[Image-caption web data]
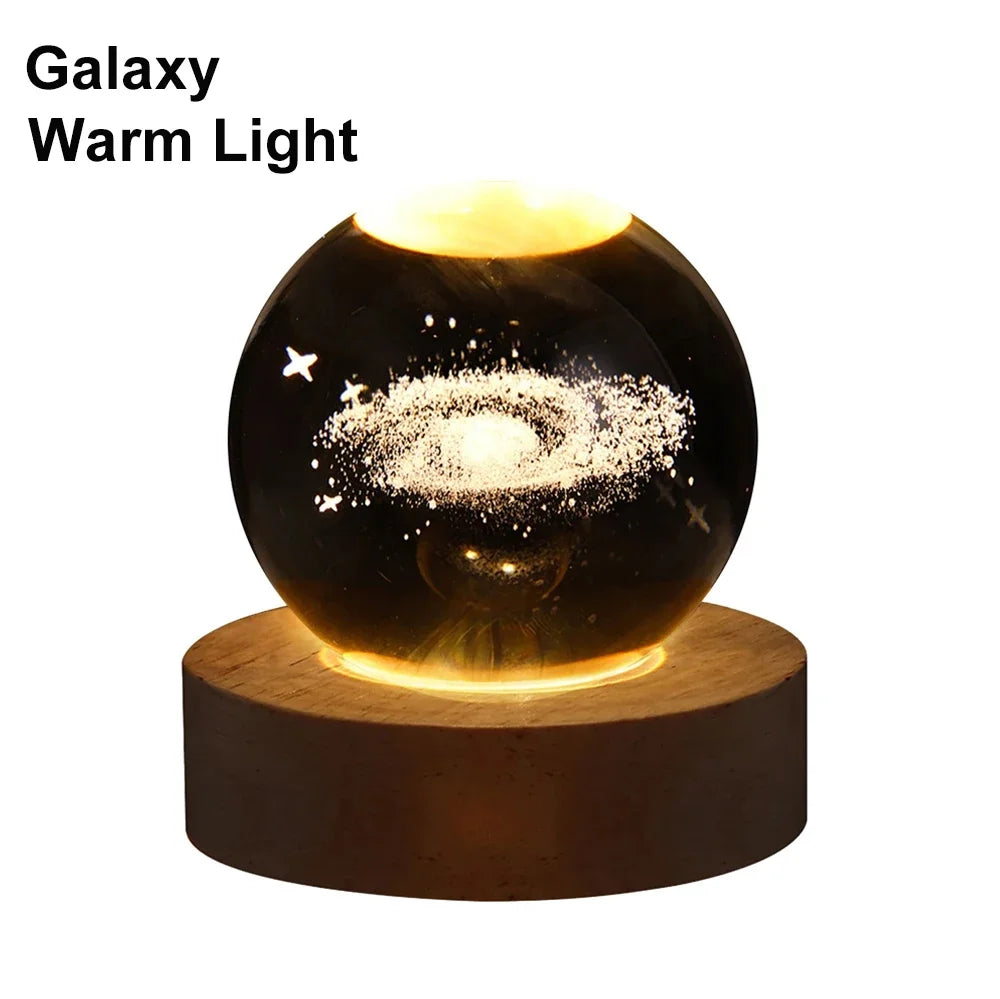 6cm Bedside Lamp Solar Theme Cosmos Series Crystal Ball Night Lights Milky Way Moon Small Ornaments for Desk Creative Gift RGB
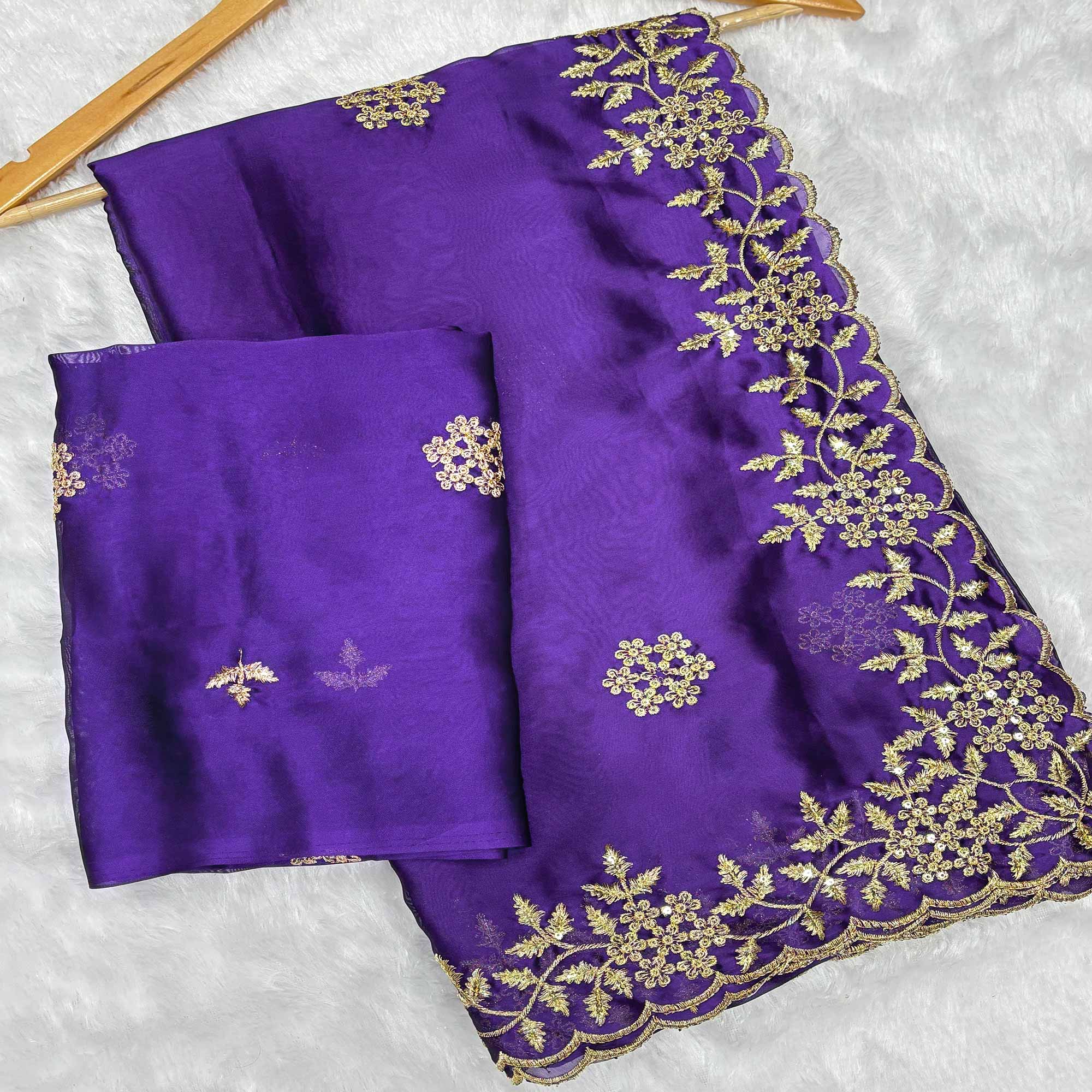 Violet Satin Saree with Intricate Floral Embroidery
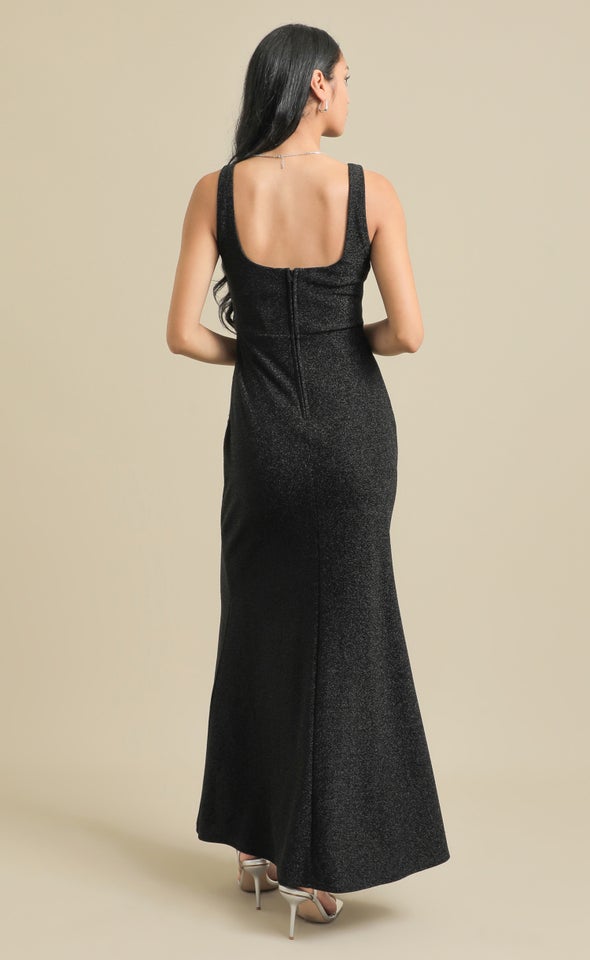 Glitter Knit Square Neck Corset Gown Black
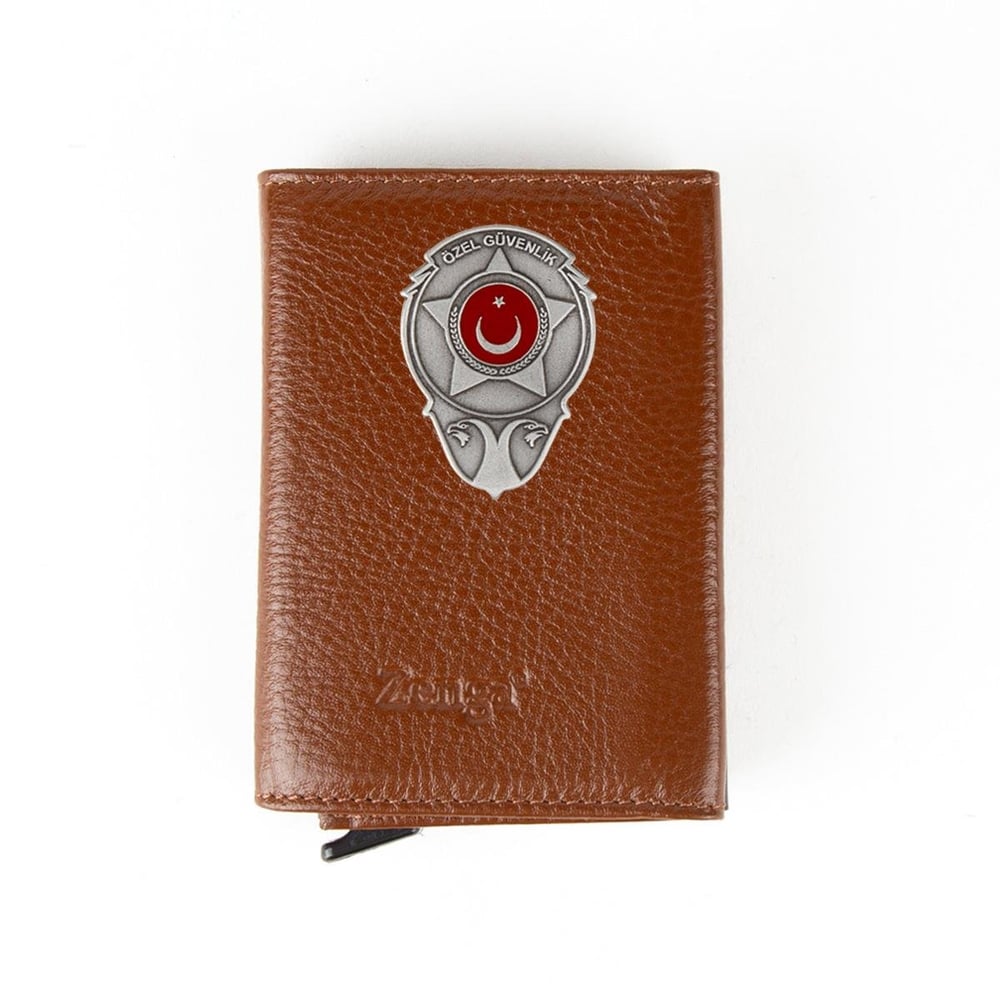 Hakiki Deri Otomatik Mekanizmalı Mini Rozetli Özel Güvenlik Kartlık Taba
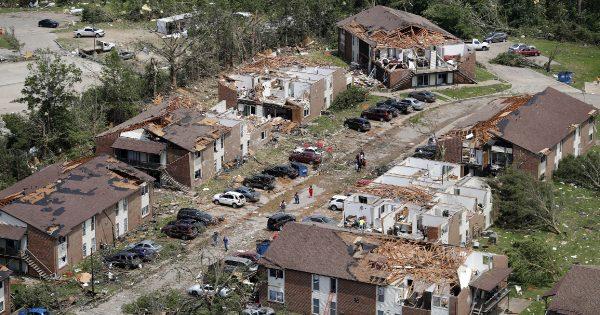 Eight years to the day after a devastating tornado killed 161 people in Joplin, another big twister ripped through another Missouri community, Jefferson City, Mo. on May 23, 2019. (Jeff Roberson/AP)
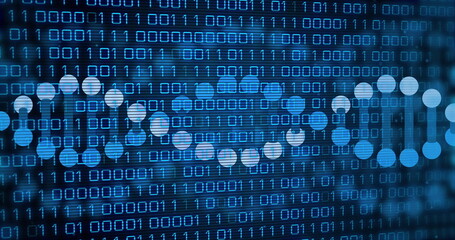 Poster - Image of dna strand over data processing on black background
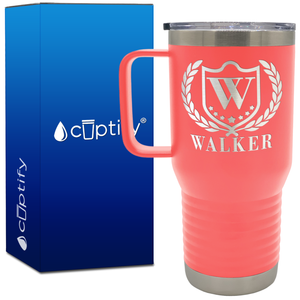 Personalized Monogram with Laurels 20oz Travel Mug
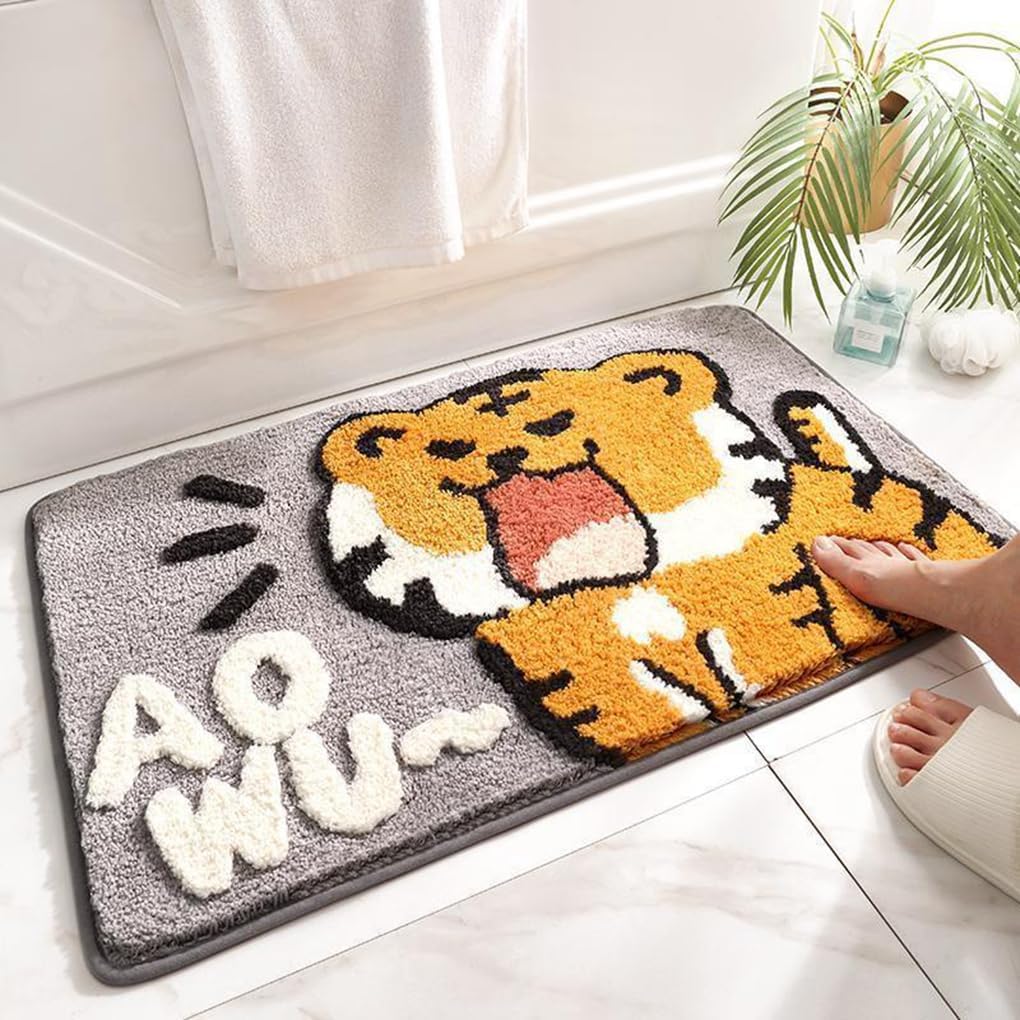 バスマット 40×60cm 吸水速乾 ふわふわ マイクロファイバー 滑り止め付き 抗菌防臭 厚手 洗濯機対応 乾きやすい お風呂マット 脱衣所 洗面所用 おしゃれ 北欧風 ORYSD56
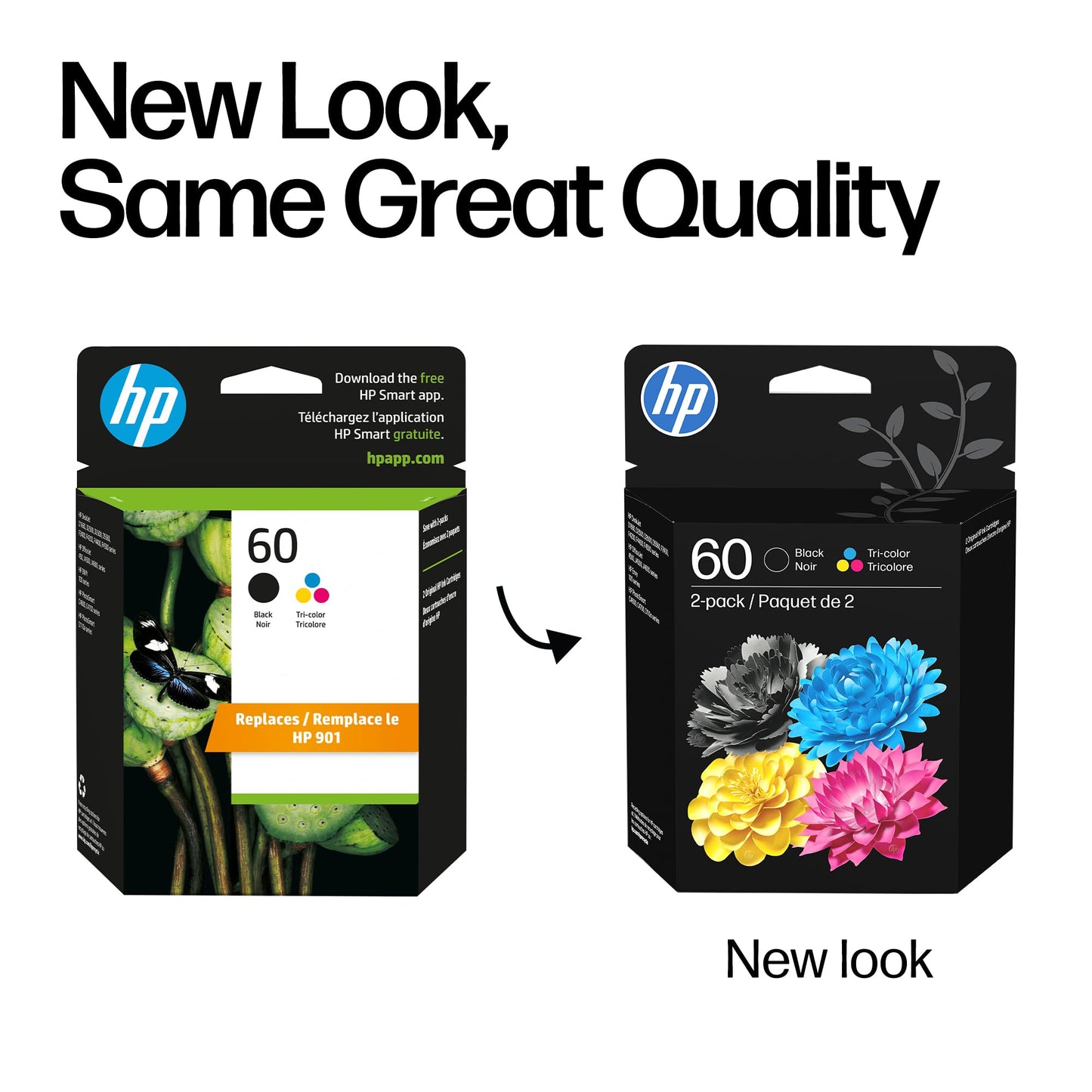 HP 60 Black/Tri-Color Ink Cartridges (2-pk) | DeskJet D1660, D2500, D2600, D5560, F2400, F4200, F4400, F4580, Envy 100, OfficeJet J4500, J4680, 4500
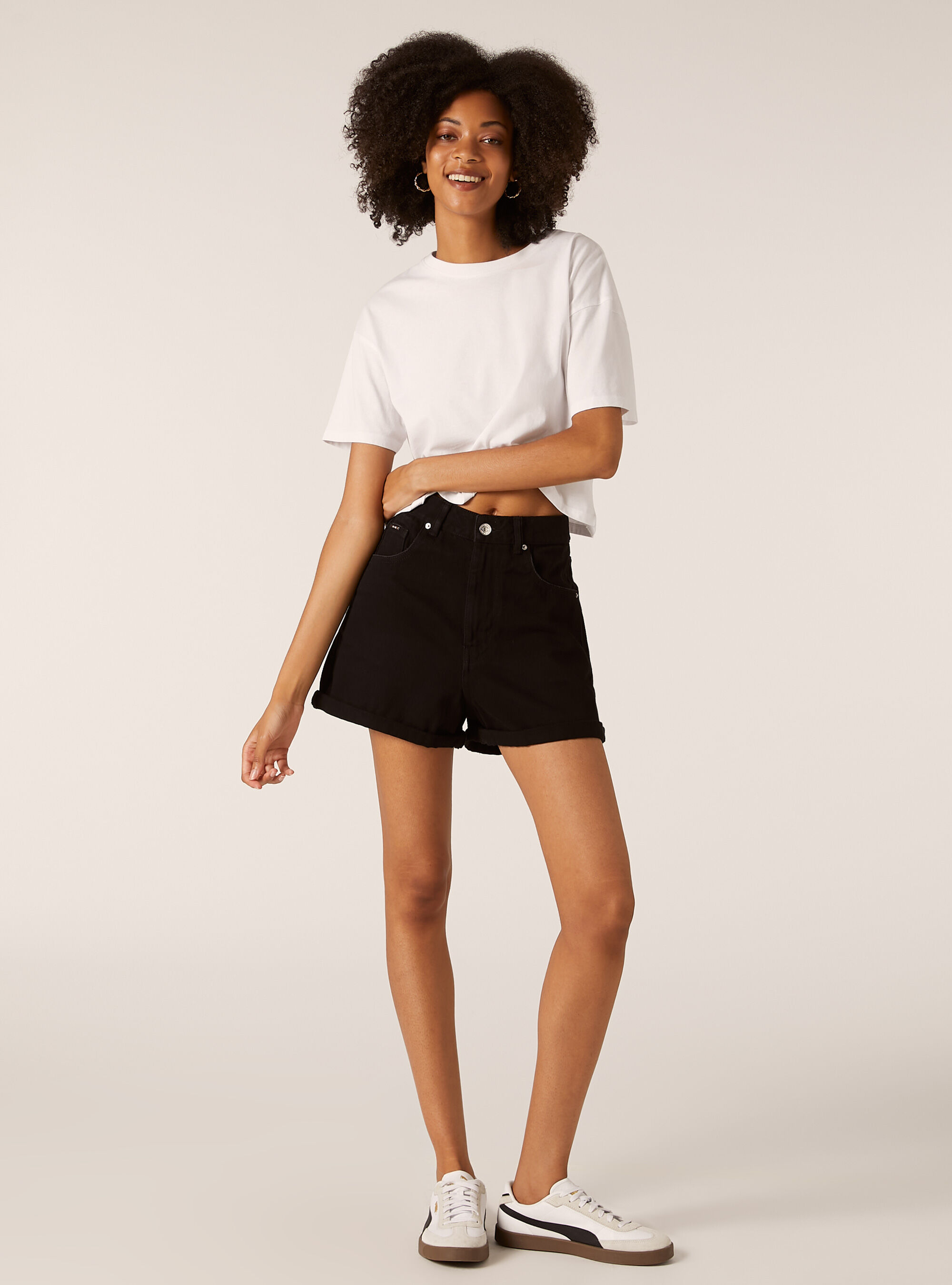 Denim mom fit shorts, D000 BLACK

About this exercise -> With the pictures omitted, restate word for word the lines above from the line that has "バスマット 40×60cm 吸水速乾" up to and including the line that has "HP 60 Black/Tri-Color", and no other lines.

Solved problem ->
 バスマット 40×60cm 吸水速乾 ふわふわ マイクロファイバー 滑り止め付き 抗菌防臭 厚手 洗濯機対応 乾きやすい お風呂マット 脱衣所 洗面所用 おしゃれ 北欧風 ORYSD56
 HP 60 Black/Tri-Color Ink Cartridges (2-pk) | DeskJet D1660, D2500, D2600, D5560, F2400, F4200, F4400, F4580, Envy 100, OfficeJet J4500, J4680, 4500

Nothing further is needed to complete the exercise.